Engañar la fe pública fue fácil, ocurrió en las oficinas del Registro Civil. La constancia que habían logrado sirvió para que el bebé se transforme en hijo biológico de Coco y Cristina, quienes decidieron llamarlo: Juan Manuel Martos Regalía.
Como lo hubiera anhelado cualquier católico, llevaron al niño a la pila bautismal de la Parroquia Nuestra Señora de la Guardia en donde el padre Miguel, bendijo todo lo acontecido, en nombre de Dios.
Formaron parte de esta maniobra, como padrinos de bautismo, Chiquita Romero como encubridora y Julio Estofan como facilitador de un delito grave.
El peso de un secreto de esta magnitud, algunas veces no puede ser soportado por mucho tiempo y no por casualidad, eso le ocurrió a Julio Estofan cuando se transformó en el primer arrepentido de esta historia. Chiquita Romero por el contrario, aún continúa creyendo que custodia un secreto de familia que tan sólo ella conoce.

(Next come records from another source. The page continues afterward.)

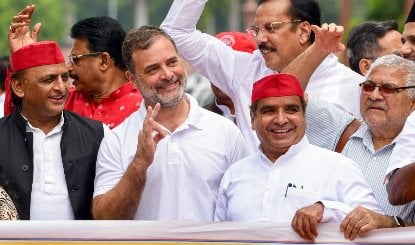 Seat Sharing पर Congress सीधे SP चीफ Akhilesh Yadav से करे बात, Dharmendra Yadav ने दी नसीहत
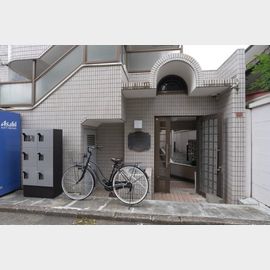 新高円寺駅より徒歩6分 築40年10ヶ月 4階建の賃貸物件
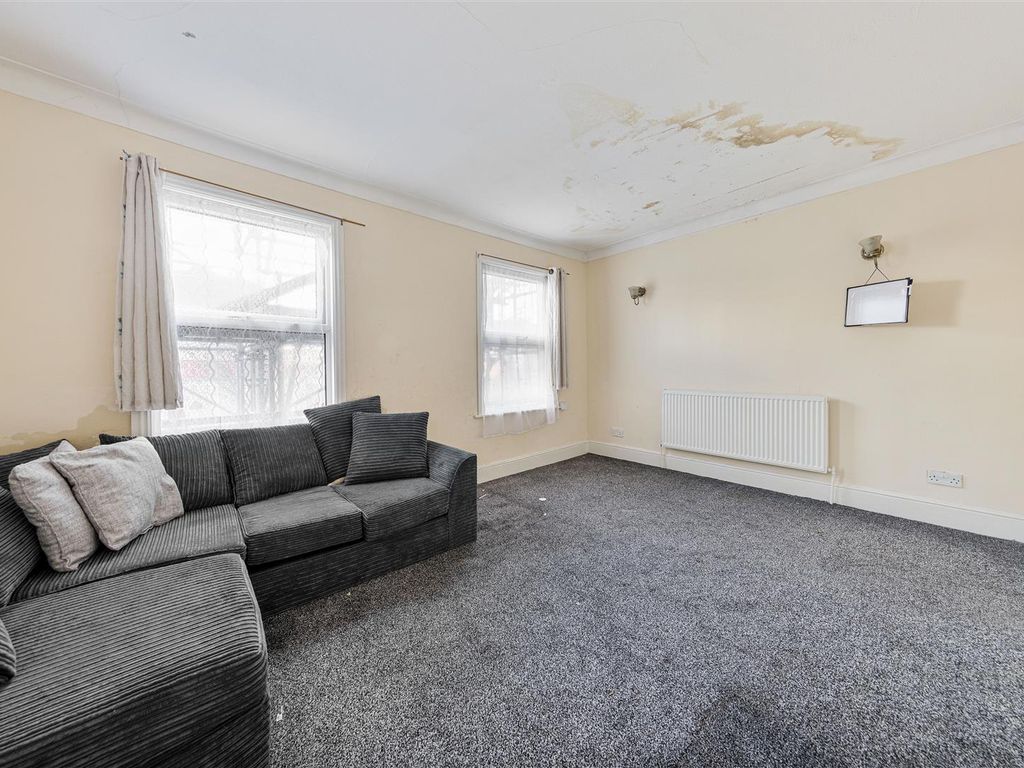 1 bed flat for sale in Elsham Road, London E11, £225,000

Juan, hoy a los 37 años no logra reconocer qué quiere, a dónde va ni quién es.
Impedido de crear o creer en alguien, se mantiene encerrado jugando a la play, único lugar donde puede hacer lo que le venga en ganas, como ser Juan o sólo el usuario y contraseña de una aplicación.
Un escenario de ficción donde todos los días, vuelve a agitar sus brazos recordando el viento que lo acurrucaba durante aquel viaje macabro, a sabiendas que se esfumaría, como en todos los atardeceres y él una vez más termine quedando solo.
Los que roban bebés son unos hijos de puta a los que les falta una glándula. Las madres a las que les roban sus hijos al nacer en Argentina…”son las más fáciles de lastimar. Son gente a la que más les duele vivir, es la gente más sensible y por ello más vulnerable…en cambio, estos hijos de puta, en contra partida…esos que se dedican a atormentar a la Humanidad, viven vidas larguísimas, esos no se mueren nunca… porque no tienen una glándula, que la verdad se da bastante poco, llamada Conciencia y que es la que te atormenta por las noches…” Eduardo Galeano.